▶ [PROBLEM REQUIREMENTS]:
Return every entry below exactly as written.

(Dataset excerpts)
= = = = = = =

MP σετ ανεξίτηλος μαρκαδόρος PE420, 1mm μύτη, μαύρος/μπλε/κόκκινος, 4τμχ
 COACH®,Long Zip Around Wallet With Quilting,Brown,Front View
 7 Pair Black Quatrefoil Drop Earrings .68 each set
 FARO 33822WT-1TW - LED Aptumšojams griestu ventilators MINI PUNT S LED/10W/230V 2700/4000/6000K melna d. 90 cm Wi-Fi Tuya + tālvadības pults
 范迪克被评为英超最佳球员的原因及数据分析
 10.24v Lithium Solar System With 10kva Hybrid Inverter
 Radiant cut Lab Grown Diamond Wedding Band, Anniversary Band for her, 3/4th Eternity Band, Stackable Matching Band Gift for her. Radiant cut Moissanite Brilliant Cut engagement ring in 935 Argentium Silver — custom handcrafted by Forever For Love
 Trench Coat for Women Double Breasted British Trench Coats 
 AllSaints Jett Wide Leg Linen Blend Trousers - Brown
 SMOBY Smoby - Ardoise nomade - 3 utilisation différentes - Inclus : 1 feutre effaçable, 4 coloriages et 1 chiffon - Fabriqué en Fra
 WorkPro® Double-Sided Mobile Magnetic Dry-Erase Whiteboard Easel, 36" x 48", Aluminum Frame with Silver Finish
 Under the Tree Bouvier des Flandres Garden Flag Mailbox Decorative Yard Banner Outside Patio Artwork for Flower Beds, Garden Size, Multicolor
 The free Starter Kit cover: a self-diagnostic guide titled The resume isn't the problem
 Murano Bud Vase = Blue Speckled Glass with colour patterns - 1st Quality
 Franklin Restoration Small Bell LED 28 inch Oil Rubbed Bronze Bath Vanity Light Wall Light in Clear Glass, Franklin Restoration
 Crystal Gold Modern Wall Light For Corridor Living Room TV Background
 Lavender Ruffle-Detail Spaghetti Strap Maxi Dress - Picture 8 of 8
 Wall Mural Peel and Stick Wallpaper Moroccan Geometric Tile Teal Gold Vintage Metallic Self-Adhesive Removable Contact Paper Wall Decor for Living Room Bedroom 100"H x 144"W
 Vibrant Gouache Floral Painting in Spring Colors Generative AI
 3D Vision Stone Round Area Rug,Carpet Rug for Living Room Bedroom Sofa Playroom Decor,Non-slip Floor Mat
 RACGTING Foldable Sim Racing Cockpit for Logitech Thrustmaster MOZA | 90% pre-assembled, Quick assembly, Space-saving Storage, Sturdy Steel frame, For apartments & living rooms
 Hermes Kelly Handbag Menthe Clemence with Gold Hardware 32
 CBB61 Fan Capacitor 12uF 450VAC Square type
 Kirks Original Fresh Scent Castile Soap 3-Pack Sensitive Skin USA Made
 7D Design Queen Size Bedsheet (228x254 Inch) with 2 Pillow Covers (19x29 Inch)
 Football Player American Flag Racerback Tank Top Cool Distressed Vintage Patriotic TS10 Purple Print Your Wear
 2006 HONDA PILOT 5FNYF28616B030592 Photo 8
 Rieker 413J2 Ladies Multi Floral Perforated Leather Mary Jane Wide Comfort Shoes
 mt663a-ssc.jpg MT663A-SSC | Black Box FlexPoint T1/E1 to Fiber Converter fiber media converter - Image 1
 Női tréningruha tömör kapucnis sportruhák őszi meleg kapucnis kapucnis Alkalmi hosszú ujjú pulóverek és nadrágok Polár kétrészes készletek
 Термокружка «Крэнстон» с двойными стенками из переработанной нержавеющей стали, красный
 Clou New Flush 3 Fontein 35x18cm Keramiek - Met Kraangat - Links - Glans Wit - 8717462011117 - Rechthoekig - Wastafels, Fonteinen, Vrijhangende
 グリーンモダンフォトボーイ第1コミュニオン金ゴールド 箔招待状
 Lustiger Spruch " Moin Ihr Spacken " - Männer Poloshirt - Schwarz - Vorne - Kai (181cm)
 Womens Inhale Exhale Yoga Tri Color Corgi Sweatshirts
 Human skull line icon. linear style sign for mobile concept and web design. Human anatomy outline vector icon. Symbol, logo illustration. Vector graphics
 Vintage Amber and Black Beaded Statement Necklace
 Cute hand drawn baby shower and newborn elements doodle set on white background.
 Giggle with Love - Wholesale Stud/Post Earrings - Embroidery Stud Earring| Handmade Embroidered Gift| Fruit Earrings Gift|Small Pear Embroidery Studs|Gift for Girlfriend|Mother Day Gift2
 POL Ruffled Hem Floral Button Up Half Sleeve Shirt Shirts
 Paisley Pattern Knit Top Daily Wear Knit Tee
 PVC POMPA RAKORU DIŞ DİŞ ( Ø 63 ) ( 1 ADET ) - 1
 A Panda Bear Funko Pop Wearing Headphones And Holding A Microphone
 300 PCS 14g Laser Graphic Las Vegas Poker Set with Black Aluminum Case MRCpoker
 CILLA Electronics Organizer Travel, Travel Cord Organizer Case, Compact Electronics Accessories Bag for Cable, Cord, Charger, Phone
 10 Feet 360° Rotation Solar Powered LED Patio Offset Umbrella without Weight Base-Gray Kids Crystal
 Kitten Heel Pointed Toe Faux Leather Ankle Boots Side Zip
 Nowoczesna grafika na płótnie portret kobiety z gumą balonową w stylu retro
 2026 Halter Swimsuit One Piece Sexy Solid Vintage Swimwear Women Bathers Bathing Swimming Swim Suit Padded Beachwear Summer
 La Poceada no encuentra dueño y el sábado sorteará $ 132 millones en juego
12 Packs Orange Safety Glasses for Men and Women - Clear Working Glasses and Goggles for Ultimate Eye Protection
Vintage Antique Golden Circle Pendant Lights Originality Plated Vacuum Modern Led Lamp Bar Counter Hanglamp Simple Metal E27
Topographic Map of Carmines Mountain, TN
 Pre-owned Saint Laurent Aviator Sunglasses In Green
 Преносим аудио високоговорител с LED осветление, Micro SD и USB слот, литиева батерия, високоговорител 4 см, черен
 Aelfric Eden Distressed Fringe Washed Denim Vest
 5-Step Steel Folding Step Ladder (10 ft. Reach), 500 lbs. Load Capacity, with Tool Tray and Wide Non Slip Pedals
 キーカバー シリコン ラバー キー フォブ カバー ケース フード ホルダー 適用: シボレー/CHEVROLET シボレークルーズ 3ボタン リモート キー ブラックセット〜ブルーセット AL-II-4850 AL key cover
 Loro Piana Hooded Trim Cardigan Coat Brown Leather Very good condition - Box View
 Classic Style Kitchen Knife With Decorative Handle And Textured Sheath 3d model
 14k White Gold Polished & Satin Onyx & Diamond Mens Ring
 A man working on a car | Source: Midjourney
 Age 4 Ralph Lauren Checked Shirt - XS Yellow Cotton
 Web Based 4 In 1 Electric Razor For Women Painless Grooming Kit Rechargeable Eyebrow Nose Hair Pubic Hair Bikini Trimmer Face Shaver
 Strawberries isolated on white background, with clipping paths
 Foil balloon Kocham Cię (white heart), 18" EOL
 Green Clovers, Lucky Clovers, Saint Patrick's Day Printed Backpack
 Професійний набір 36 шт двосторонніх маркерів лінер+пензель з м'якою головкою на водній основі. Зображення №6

= = = = = = =

▶ [RESPONSE TO THE TASK]:
MP σετ ανεξίτηλος μαρκαδόρος PE420, 1mm μύτη, μαύρος/μπλε/κόκκινος, 4τμχ
 COACH®,Long Zip Around Wallet With Quilting,Brown,Front View
 7 Pair Black Quatrefoil Drop Earrings .68 each set
 FARO 33822WT-1TW - LED Aptumšojams griestu ventilators MINI PUNT S LED/10W/230V 2700/4000/6000K melna d. 90 cm Wi-Fi Tuya + tālvadības pults
 范迪克被评为英超最佳球员的原因及数据分析
 10.24v Lithium Solar System With 10kva Hybrid Inverter
 Radiant cut Lab Grown Diamond Wedding Band, Anniversary Band for her, 3/4th Eternity Band, Stackable Matching Band Gift for her. Radiant cut Moissanite Brilliant Cut engagement ring in 935 Argentium Silver — custom handcrafted by Forever For Love
 Trench Coat for Women Double Breasted British Trench Coats 
 AllSaints Jett Wide Leg Linen Blend Trousers - Brown
 SMOBY Smoby - Ardoise nomade - 3 utilisation différentes - Inclus : 1 feutre effaçable, 4 coloriages et 1 chiffon - Fabriqué en Fra
 WorkPro® Double-Sided Mobile Magnetic Dry-Erase Whiteboard Easel, 36" x 48", Aluminum Frame with Silver Finish
 Under the Tree Bouvier des Flandres Garden Flag Mailbox Decorative Yard Banner Outside Patio Artwork for Flower Beds, Garden Size, Multicolor
 The free Starter Kit cover: a self-diagnostic guide titled The resume isn't the problem
 Murano Bud Vase = Blue Speckled Glass with colour patterns - 1st Quality
 Franklin Restoration Small Bell LED 28 inch Oil Rubbed Bronze Bath Vanity Light Wall Light in Clear Glass, Franklin Restoration
 Crystal Gold Modern Wall Light For Corridor Living Room TV Background
 Lavender Ruffle-Detail Spaghetti Strap Maxi Dress - Picture 8 of 8
 Wall Mural Peel and Stick Wallpaper Moroccan Geometric Tile Teal Gold Vintage Metallic Self-Adhesive Removable Contact Paper Wall Decor for Living Room Bedroom 100"H x 144"W
 Vibrant Gouache Floral Painting in Spring Colors Generative AI
 3D Vision Stone Round Area Rug,Carpet Rug for Living Room Bedroom Sofa Playroom Decor,Non-slip Floor Mat
 RACGTING Foldable Sim Racing Cockpit for Logitech Thrustmaster MOZA | 90% pre-assembled, Quick assembly, Space-saving Storage, Sturdy Steel frame, For apartments & living rooms
 Hermes Kelly Handbag Menthe Clemence with Gold Hardware 32
 CBB61 Fan Capacitor 12uF 450VAC Square type
 Kirks Original Fresh Scent Castile Soap 3-Pack Sensitive Skin USA Made
 7D Design Queen Size Bedsheet (228x254 Inch) with 2 Pillow Covers (19x29 Inch)
 Football Player American Flag Racerback Tank Top Cool Distressed Vintage Patriotic TS10 Purple Print Your Wear
 2006 HONDA PILOT 5FNYF28616B030592 Photo 8
 Rieker 413J2 Ladies Multi Floral Perforated Leather Mary Jane Wide Comfort Shoes
 mt663a-ssc.jpg MT663A-SSC | Black Box FlexPoint T1/E1 to Fiber Converter fiber media converter - Image 1
 Női tréningruha tömör kapucnis sportruhák őszi meleg kapucnis kapucnis Alkalmi hosszú ujjú pulóverek és nadrágok Polár kétrészes készletek
 Термокружка «Крэнстон» с двойными стенками из переработанной нержавеющей стали, красный
 Clou New Flush 3 Fontein 35x18cm Keramiek - Met Kraangat - Links - Glans Wit - 8717462011117 - Rechthoekig - Wastafels, Fonteinen, Vrijhangende
 グリーンモダンフォトボーイ第1コミュニオン金ゴールド 箔招待状
 Lustiger Spruch " Moin Ihr Spacken " - Männer Poloshirt - Schwarz - Vorne - Kai (181cm)
 Womens Inhale Exhale Yoga Tri Color Corgi Sweatshirts
 Human skull line icon. linear style sign for mobile concept and web design. Human anatomy outline vector icon. Symbol, logo illustration. Vector graphics
 Vintage Amber and Black Beaded Statement Necklace
 Cute hand drawn baby shower and newborn elements doodle set on white background.
 Giggle with Love - Wholesale Stud/Post Earrings - Embroidery Stud Earring| Handmade Embroidered Gift| Fruit Earrings Gift|Small Pear Embroidery Studs|Gift for Girlfriend|Mother Day Gift2
 POL Ruffled Hem Floral Button Up Half Sleeve Shirt Shirts
 Paisley Pattern Knit Top Daily Wear Knit Tee
 PVC POMPA RAKORU DIŞ DİŞ ( Ø 63 ) ( 1 ADET ) - 1
 A Panda Bear Funko Pop Wearing Headphones And Holding A Microphone
 300 PCS 14g Laser Graphic Las Vegas Poker Set with Black Aluminum Case MRCpoker
 CILLA Electronics Organizer Travel, Travel Cord Organizer Case, Compact Electronics Accessories Bag for Cable, Cord, Charger, Phone
 10 Feet 360° Rotation Solar Powered LED Patio Offset Umbrella without Weight Base-Gray Kids Crystal
 Kitten Heel Pointed Toe Faux Leather Ankle Boots Side Zip
 Nowoczesna grafika na płótnie portret kobiety z gumą balonową w stylu retro
 2026 Halter Swimsuit One Piece Sexy Solid Vintage Swimwear Women Bathers Bathing Swimming Swim Suit Padded Beachwear Summer
 La Poceada no encuentra dueño y el sábado sorteará $ 132 millones en juego
12 Packs Orange Safety Glasses for Men and Women - Clear Working Glasses and Goggles for Ultimate Eye Protection
Vintage Antique Golden Circle Pendant Lights Originality Plated Vacuum Modern Led Lamp Bar Counter Hanglamp Simple Metal E27
Topographic Map of Carmines Mountain, TN
 Pre-owned Saint Laurent Aviator Sunglasses In Green
 Преносим аудио високоговорител с LED осветление, Micro SD и USB слот, литиева батерия, високоговорител 4 см, черен
 Aelfric Eden Distressed Fringe Washed Denim Vest
 5-Step Steel Folding Step Ladder (10 ft. Reach), 500 lbs. Load Capacity, with Tool Tray and Wide Non Slip Pedals
 キーカバー シリコン ラバー キー フォブ カバー ケース フード ホルダー 適用: シボレー/CHEVROLET シボレークルーズ 3ボタン リモート キー ブラックセット〜ブルーセット AL-II-4850 AL key cover
 Loro Piana Hooded Trim Cardigan Coat Brown Leather Very good condition - Box View
 Classic Style Kitchen Knife With Decorative Handle And Textured Sheath 3d model
 14k White Gold Polished & Satin Onyx & Diamond Mens Ring
 A man working on a car | Source: Midjourney
 Age 4 Ralph Lauren Checked Shirt - XS Yellow Cotton
 Web Based 4 In 1 Electric Razor For Women Painless Grooming Kit Rechargeable Eyebrow Nose Hair Pubic Hair Bikini Trimmer Face Shaver
 Strawberries isolated on white background, with clipping paths
 Foil balloon Kocham Cię (white heart), 18" EOL
 Green Clovers, Lucky Clovers, Saint Patrick's Day Printed Backpack
 Професійний набір 36 шт двосторонніх маркерів лінер+пензель з м'якою головкою на водній основі. Зображення №6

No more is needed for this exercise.